My first thought: why "explain" something you don't yet master properly? ;-)

Networking PLCs is not trivial.
Briefly, in your case check first:

- analysis of network family: Profibus DP, Profibus MPI, Ethernet.
Profibus port is standard on all S7 CPUs but you need special hardware to connect a PC to a Profibus network.
Profibus MPI is the standard programming port.
Profibus DP is fieldbus oriented: you may run some data transfer on it, but be aware that you might somehow interfere with the fieldbus network (devices , motors, valves, etc) and stop the PLC. Ethernet port is available only on some CPU models, otherwise you must add an expensive Ethernet card (CP) to each PLC

- analysis of protocols and connection type ("transparent" S7protocol, coordinated/uncoordinated data transfer, etc). Choice depends on the device(s) you want to be the "data collector(s)" and on the grade of "transparent vs. confined" PLC memory access you want to allow.

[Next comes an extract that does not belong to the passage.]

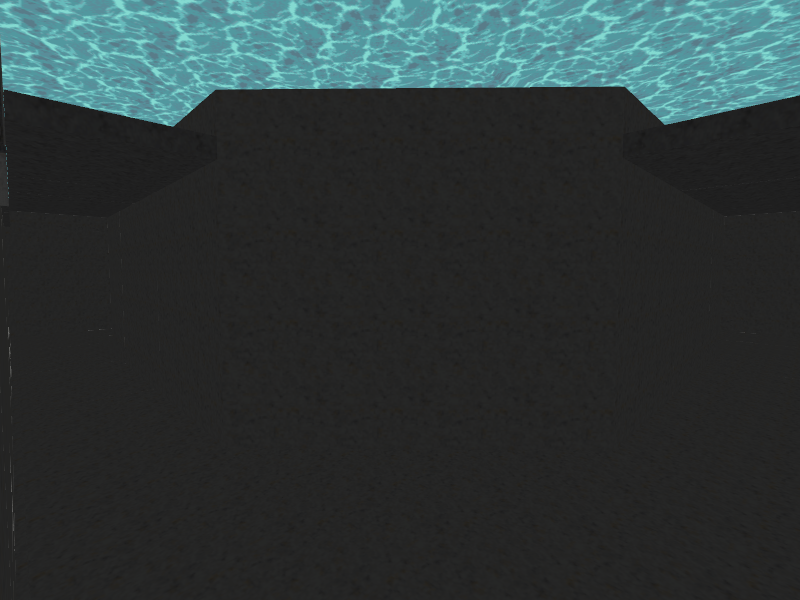 Underneath the water in the water room.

- analysis of what data you want to read and write. You must go through each PLC program and identify relevant data. You may even need to write some code (e.g. calculate parts actual process time, idle time, production counters, etc.)

- available CPU communication resources might be another possible issue, check in each PLC project how they have been configured and how many are free.

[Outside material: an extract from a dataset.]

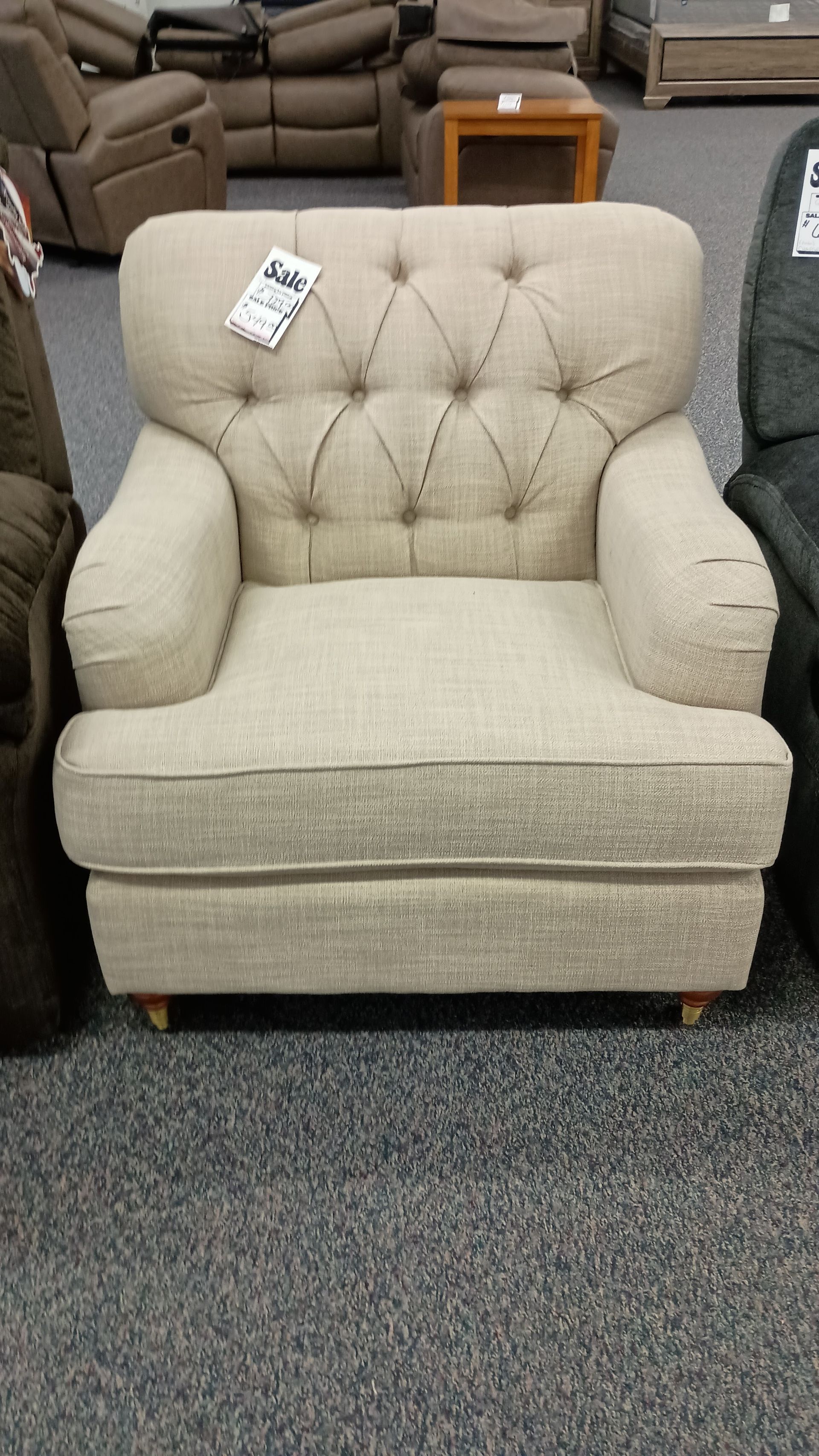 A chair in a store with a price tag on it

On the networking HW side, I suggest you to evaluate "IBH Link S7++" or similar products to easily reach Profibus CPUs using the floor LAN. IBH products come with a free DLL you can use programmatically in PC-based applications.

Snap7 at sourceforge.net is another interesting mean (Ethernet only) to connect multi-platform devices to S7 PLCs. Have a look at its web page, for S7 communication is there briefly but clearly explained.